Various Messages spawning alerts on NCPA/Plugin execution
Posted: Tue Feb 01, 2022 10:55 am
In need of some feedback and understanding...
I'm running Nagios XI (5.8.6) on RHEL 7.9 and I'm seeing a couple of messages surrounding a service check that utilizes the NCPA agent plugin on a Windows 2008R2 server that uses/executes a Windows Powershell script. The script checks to see if an UNC doesn't exists and triggers an alert. Since 01/20/22, we have now seen these messages around 5-6 times over the last few days. I've ran a report and this check hasn't notifed/failed nor alerted since 10/01/21 for this exact service check. I've asked the windows admin to check the health of the server and apparently all is well.

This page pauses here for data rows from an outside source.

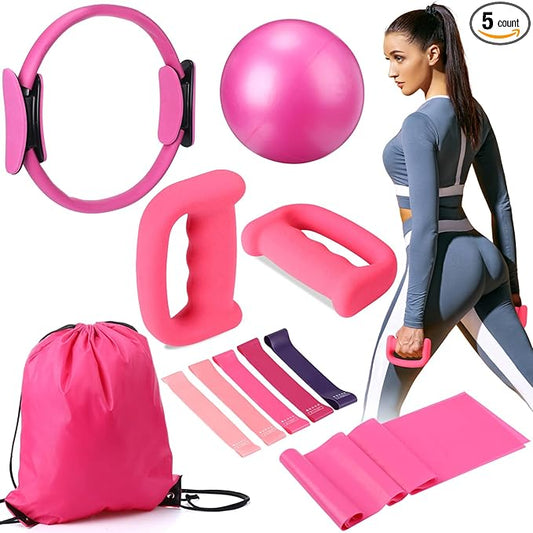 Poen 10 Pcs Home Pilates Kit for Women Include 12" Pilates Ring 10" Yoga Exercise Ball 5 Resistance Bands Dumbbells Elastic Band and Drawstring Backpack Set for Legs Arms Thighs
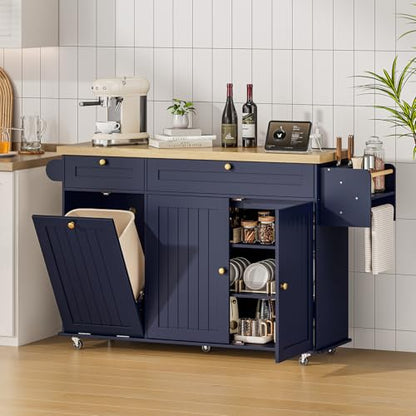 60" Kitchen Island with Power Outlet & Drop Leaf, Rolling Island with Spice Rack & Towel Rack, Kitchen Island Cart with Trash Storage Cabinet, Island Table for Kitchen, Blue - color: Blue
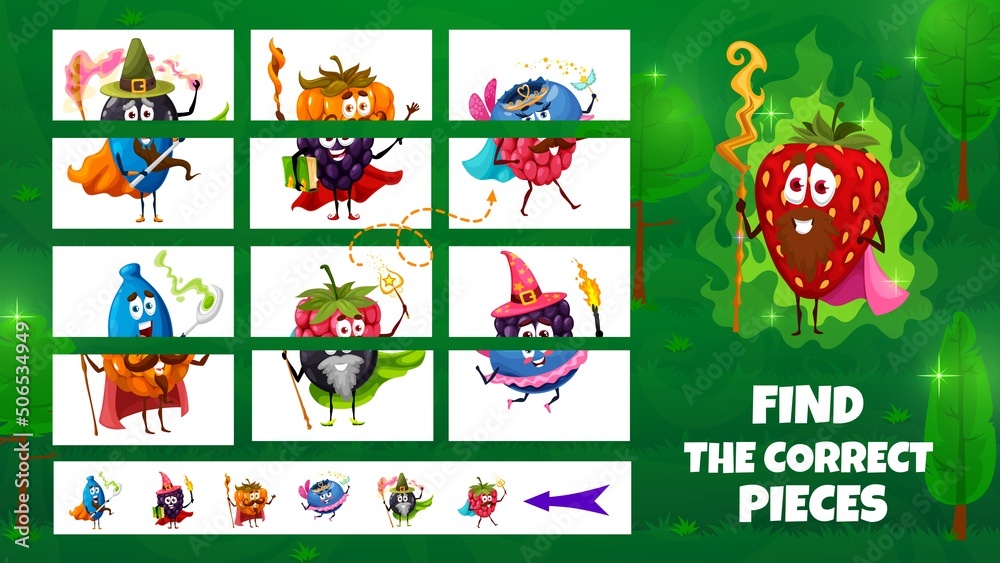 Poster Cartoon funny wizard and fairy berries characters. Find the correct pieces game worksheet, kids riddle with matching and comparing task. Child logical quiz or puzzle game page with berries sorcerers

What I'm looking for here is any encounter these types of messages and what was done about it? I would like to understand what they mean and to have concrete evidence that this is not an Nagios XI problem directly. Here's the messages. I've added the --verbose to the service check and not much more is displayed in terms of output.
lastly, I'm wondering if this has a resource contentsion on the XI system. I have recently seen this as well. I understand the message in terms of what it states but if this was hitting the limit, we should have many more checks having execution issues is my impression.
Jan 31 13:33:23 ch-nagios-p02 nagios: WARNING: RLIMIT_NPROC is 31192, total max estimated processes is 33770! You should increase your limits (ulimit -u, or limits.conf)
1) Thread failed to start
2) Return code of 66
3) Return code of 82
4) Out of bounds
5) The shell cannot be started. A failure occurred during initialization:
/var/log/messages:
Jan 28 21:11:21 ch-nagios-p02 nagios: SERVICE ALERT: CH-SHPNT-D50;Witness Share - Cluster Name: CH-SQL-D02;WARNING;SOFT;1;Thread failed to start.
Jan 28 21:12:30 ch-nagios-p02 nagios: SERVICE ALERT: CH-SHPNT-D50;Witness Share - Cluster Name: CH-SQL-D02;WARNING;SOFT;2;Thread failed to start.
Jan 28 21:13:36 ch-nagios-p02 nagios: SERVICE ALERT: CH-SHPNT-D50;Witness Share - Cluster Name: CH-SQL-D02;WARNING;HARD;3;Thread failed to start.
Jan 28 21:15:44 ch-nagios-p02 nagios: SERVICE ALERT: CH-SHPNT-D50;Witness Share - Cluster Name: CH-SQL-D02;OK;HARD;3;OK: UNC Share is accessible
Jan 29 02:13:09 ch-nagios-p02 nagios: Warning: Return code of 66 for check of service 'Witness Share - Cluster Name: CH-SQL-D02' on host 'CH-SHPNT-D50' was out of bounds.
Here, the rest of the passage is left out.